What the task asks: Every record below is to be reproduced exactly.

[Records from a data source]
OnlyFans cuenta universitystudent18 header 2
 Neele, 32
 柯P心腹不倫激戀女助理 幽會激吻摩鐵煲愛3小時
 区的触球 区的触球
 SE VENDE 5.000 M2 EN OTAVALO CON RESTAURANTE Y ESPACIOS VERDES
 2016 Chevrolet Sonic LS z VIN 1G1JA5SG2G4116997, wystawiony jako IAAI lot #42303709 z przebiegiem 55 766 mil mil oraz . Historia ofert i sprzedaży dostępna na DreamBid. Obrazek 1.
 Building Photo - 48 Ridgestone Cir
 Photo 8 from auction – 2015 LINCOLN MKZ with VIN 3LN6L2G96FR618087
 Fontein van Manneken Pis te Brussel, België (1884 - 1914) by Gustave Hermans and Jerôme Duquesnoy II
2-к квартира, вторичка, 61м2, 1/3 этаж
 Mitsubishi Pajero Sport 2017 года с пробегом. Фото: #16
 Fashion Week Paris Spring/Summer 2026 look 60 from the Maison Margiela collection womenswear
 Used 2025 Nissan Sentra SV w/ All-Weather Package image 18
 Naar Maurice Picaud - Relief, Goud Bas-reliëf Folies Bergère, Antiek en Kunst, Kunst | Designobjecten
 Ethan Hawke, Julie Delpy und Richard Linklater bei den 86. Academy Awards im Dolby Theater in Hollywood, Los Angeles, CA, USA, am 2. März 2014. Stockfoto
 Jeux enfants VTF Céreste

Solved exercise:
OnlyFans cuenta universitystudent18 header 2
 Neele, 32
 柯P心腹不倫激戀女助理 幽會激吻摩鐵煲愛3小時
 区的触球 区的触球
 SE VENDE 5.000 M2 EN OTAVALO CON RESTAURANTE Y ESPACIOS VERDES
 2016 Chevrolet Sonic LS z VIN 1G1JA5SG2G4116997, wystawiony jako IAAI lot #42303709 z przebiegiem 55 766 mil mil oraz . Historia ofert i sprzedaży dostępna na DreamBid. Obrazek 1.
 Building Photo - 48 Ridgestone Cir
 Photo 8 from auction – 2015 LINCOLN MKZ with VIN 3LN6L2G96FR618087
 Fontein van Manneken Pis te Brussel, België (1884 - 1914) by Gustave Hermans and Jerôme Duquesnoy II
2-к квартира, вторичка, 61м2, 1/3 этаж
 Mitsubishi Pajero Sport 2017 года с пробегом. Фото: #16
 Fashion Week Paris Spring/Summer 2026 look 60 from the Maison Margiela collection womenswear
 Used 2025 Nissan Sentra SV w/ All-Weather Package image 18
 Naar Maurice Picaud - Relief, Goud Bas-reliëf Folies Bergère, Antiek en Kunst, Kunst | Designobjecten
 Ethan Hawke, Julie Delpy und Richard Linklater bei den 86. Academy Awards im Dolby Theater in Hollywood, Los Angeles, CA, USA, am 2. März 2014. Stockfoto
 Jeux enfants VTF Céreste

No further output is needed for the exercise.